• _What the task requires_
Do not include the pictures; repeat the rest of the data exactly.

• _Source material_
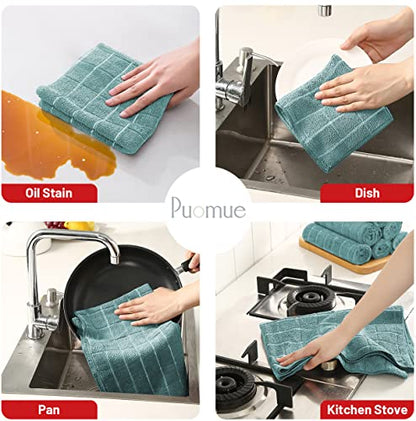 Puomue Microfiber Kitchen Towels and Dishcloths Set, 26 X 18 Inch and 12 X 12 Inch, Set of 12 Bulk Lint Free Dish Towels for Drying Dishes, Lake Blue - color: Lake Blue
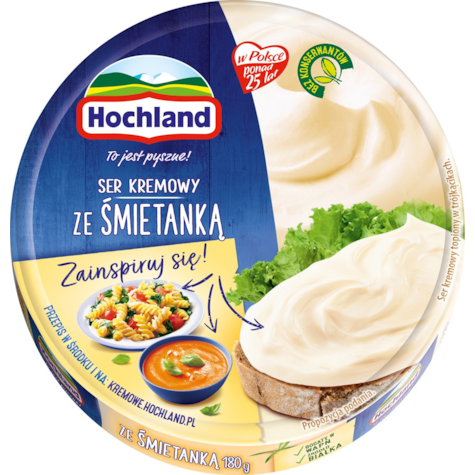 HOCHLAND KRĄŻEK ŚMIETANKA 180g/10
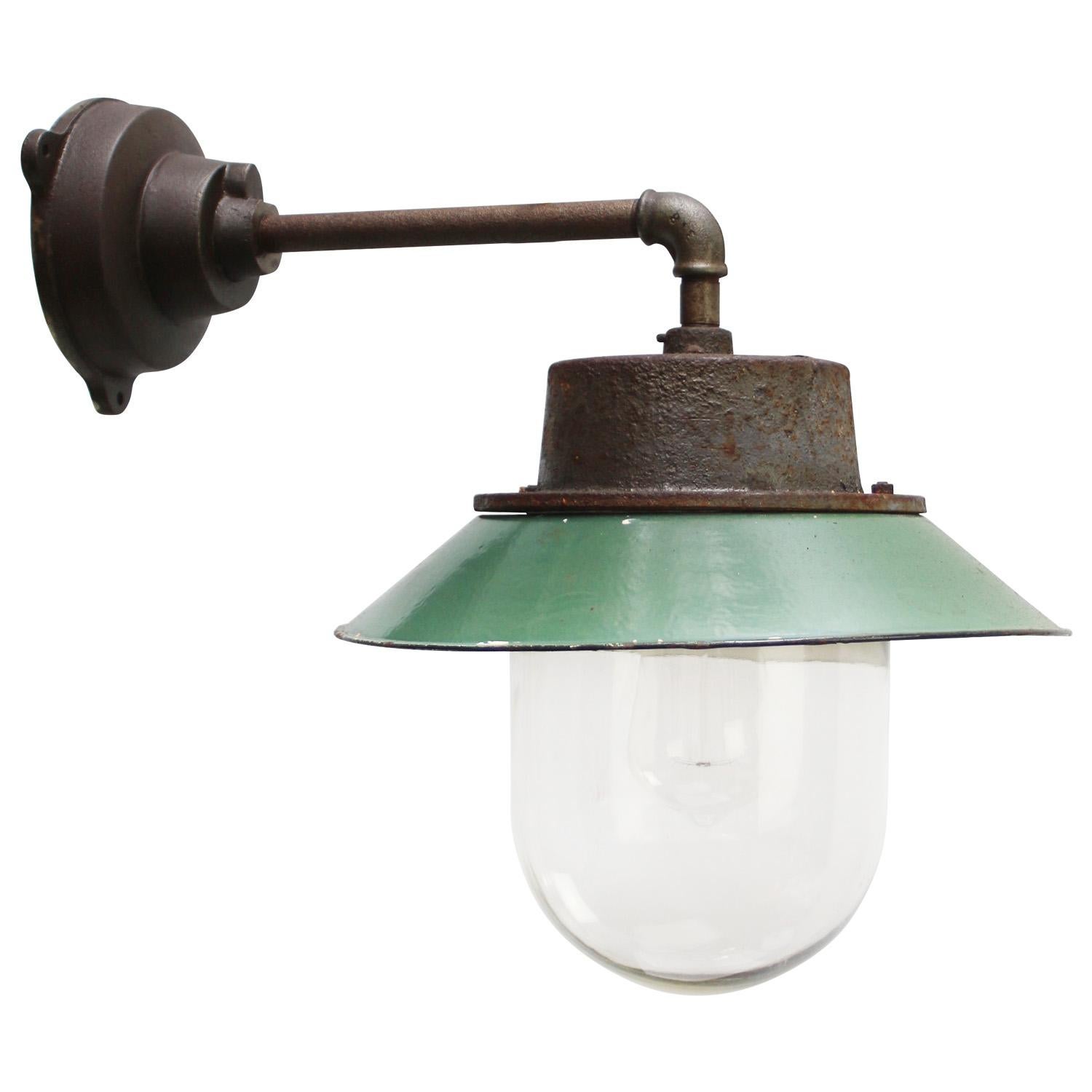 Calco Applique a parete con smalto verde petrolio e vetro trasparente industriale d'epoca in vendita
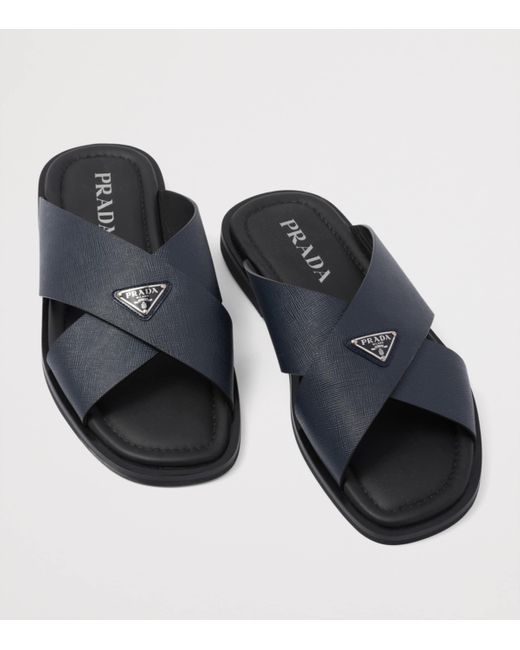 Prada Black Saffiano Leather Crossover Sandals for men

• _Answer section_
 Puomue Microfiber Kitchen Towels and Dishcloths Set, 26 X 18 Inch and 12 X 12 Inch, Set of 12 Bulk Lint Free Dish Towels for Drying Dishes, Lake Blue - color: Lake Blue
 HOCHLAND KRĄŻEK ŚMIETANKA 180g/10
 Calco Applique a parete con smalto verde petrolio e vetro trasparente industriale d'epoca in vendita
 Prada Black Saffiano Leather Crossover Sandals for men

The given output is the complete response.